Repeat the listing that follows exactly. Pictures are not part of the copy.

═════ Data section ═════

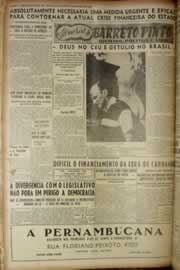 Hemeroteca - pagina correio_do_ceara_1949_05_0207.jpg
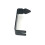 per compound : , separatore, stabilizzatore 4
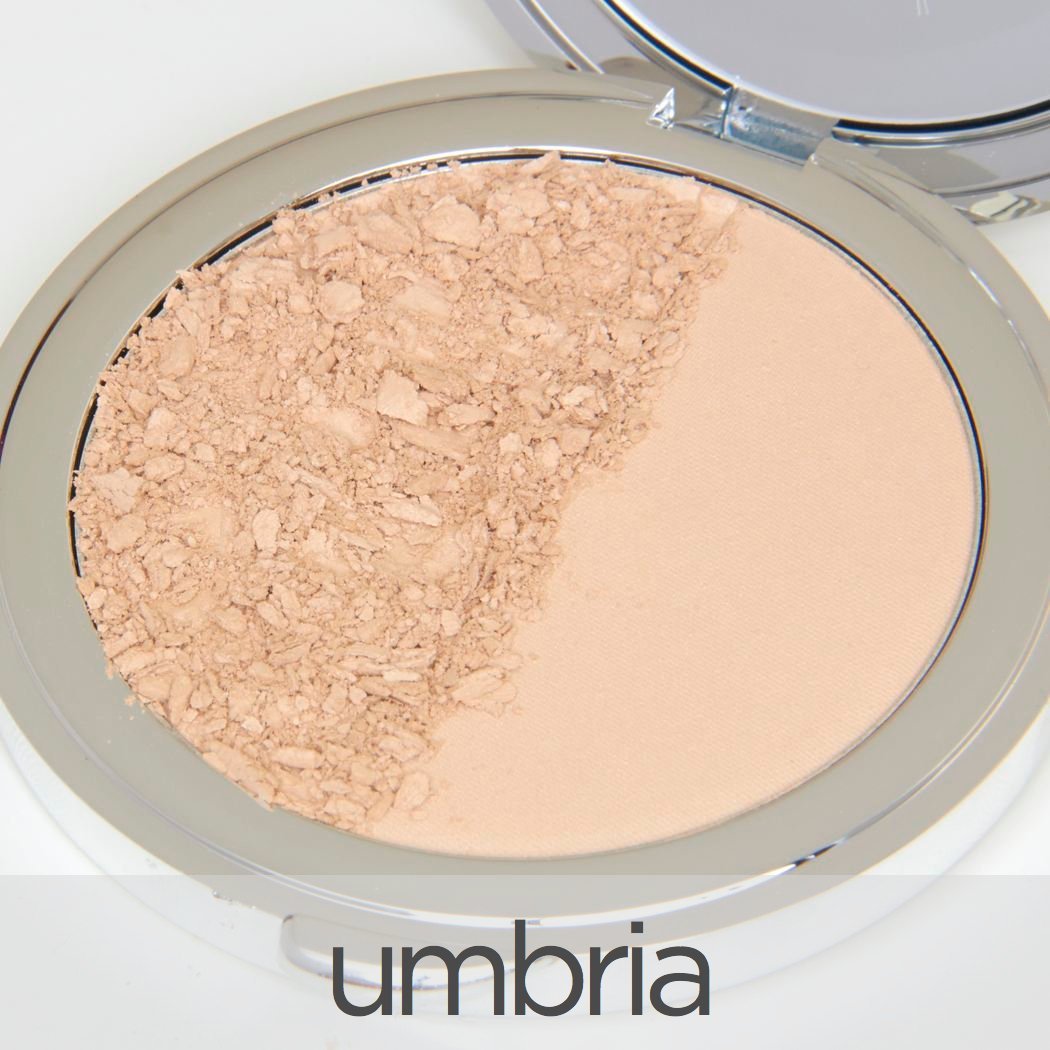 Umbria swatch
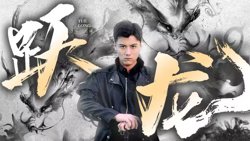 跃龙高清播放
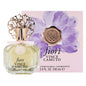 Vince Camuto Fiori 3.4oz Women EDP Spray by Vince Camuto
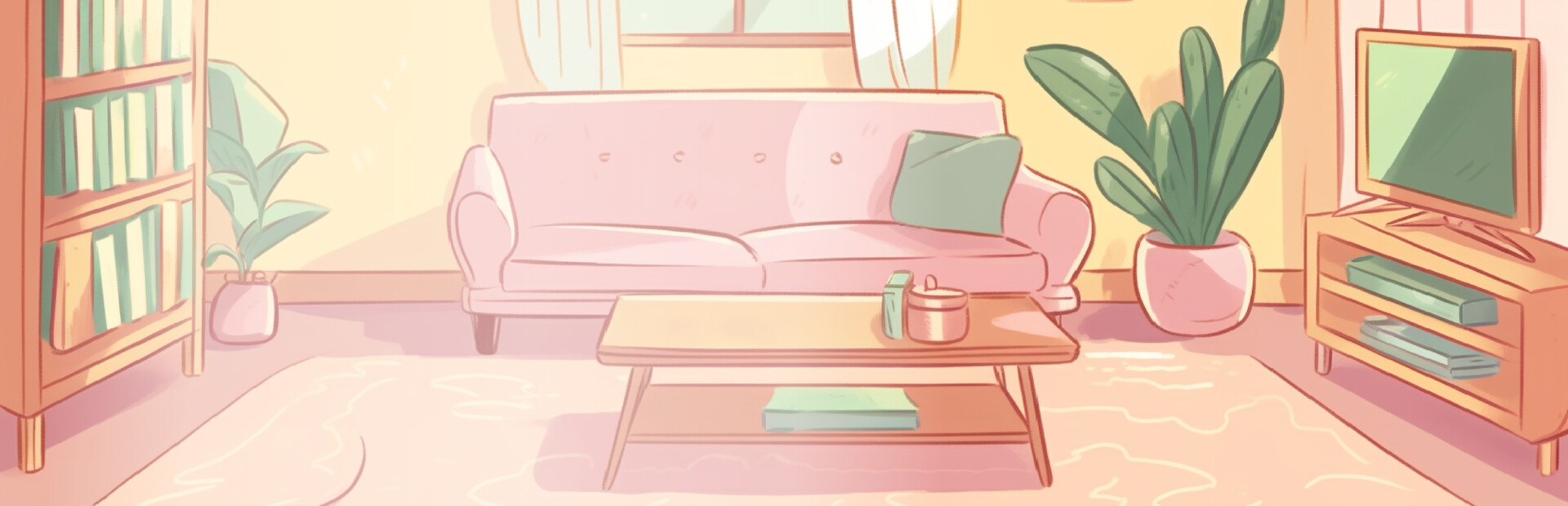 Nook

═════

_Answer section_
 Hemeroteca - pagina correio_do_ceara_1949_05_0207.jpg
 per compound : , separatore, stabilizzatore 4
 Umbria swatch
 跃龙高清播放
 Vince Camuto Fiori 3.4oz Women EDP Spray by Vince Camuto
 Nook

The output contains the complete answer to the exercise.